- [TO DO]: Strip the pictures, then copy the remaining data exactly as it stands.
----
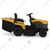 STIGA Petrol Lawn Tractor Estate 598 W, 240 L Grass Collector, Cutting Width 98 cm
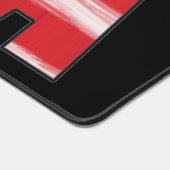 Etats-Unis Texte dans les couleurs du drapeau (Coin)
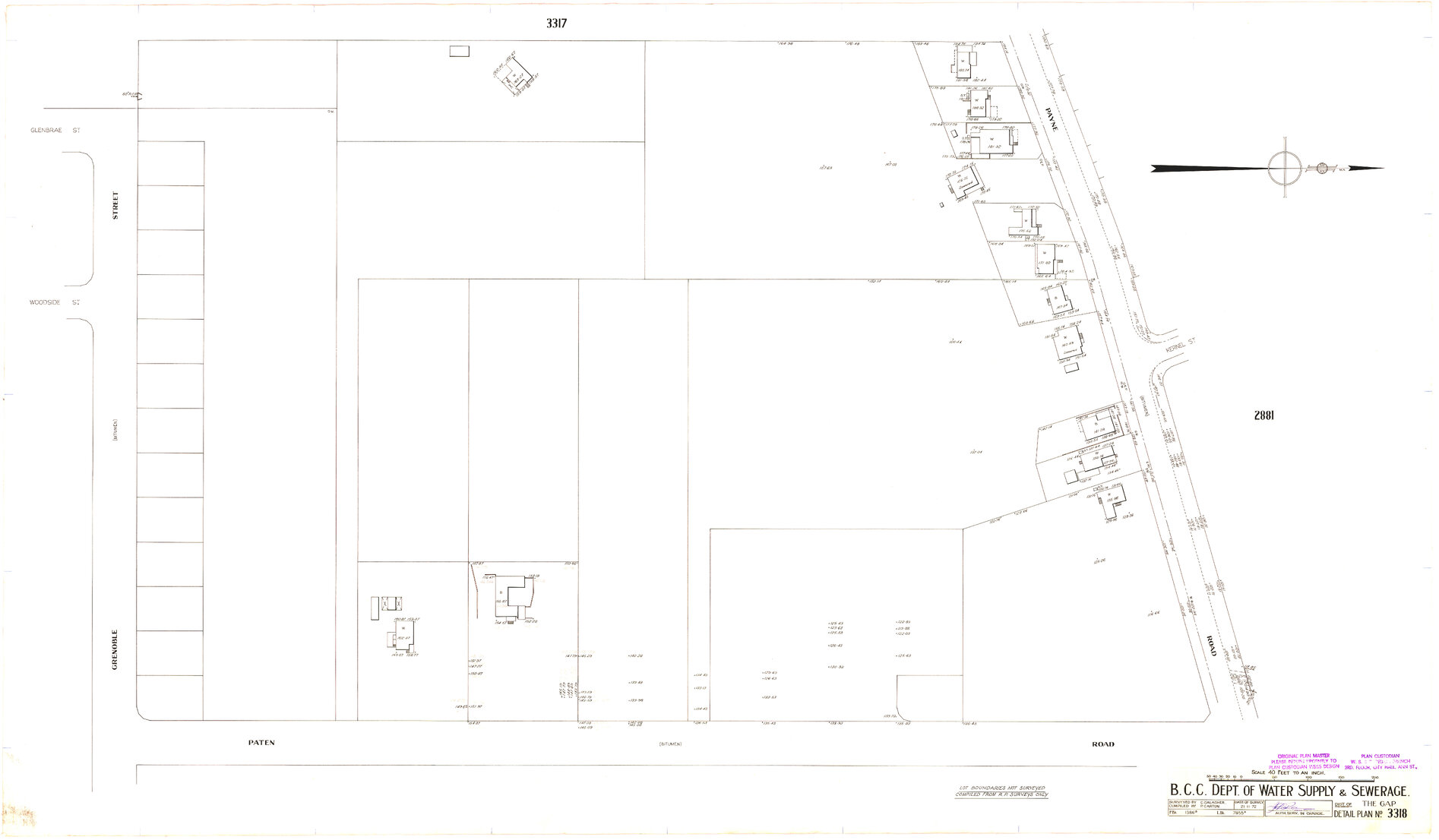 Detail Plan 3318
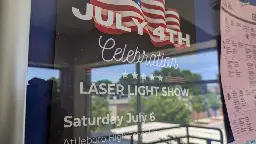 Attleboro Is Trying A Laser Show Instead Of Usual Fireworks For The Fourth | WBZ NewsRadio 1030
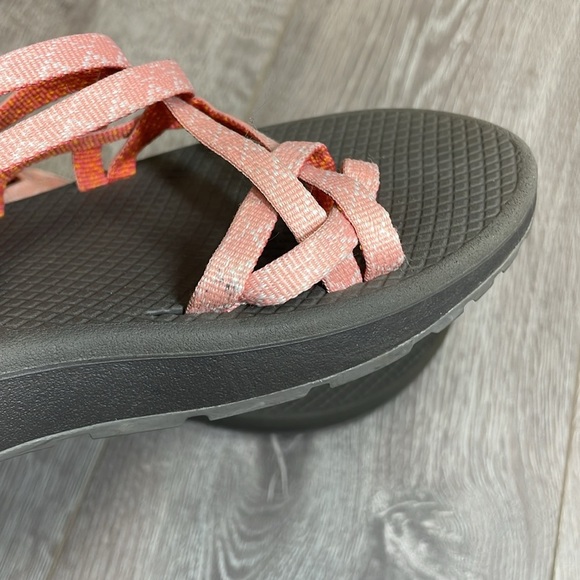 Chaco J107228 Z/Coud X2 Sandal Espiga Peach Size 11 - Picture 14 of 16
----
- [SOLUTION BELOW]:
 STIGA Petrol Lawn Tractor Estate 598 W, 240 L Grass Collector, Cutting Width 98 cm
 Etats-Unis Texte dans les couleurs du drapeau (Coin)
 Detail Plan 3318
 Attleboro Is Trying A Laser Show Instead Of Usual Fireworks For The Fourth | WBZ NewsRadio 1030
 Chaco J107228 Z/Coud X2 Sandal Espiga Peach Size 11 - Picture 14 of 16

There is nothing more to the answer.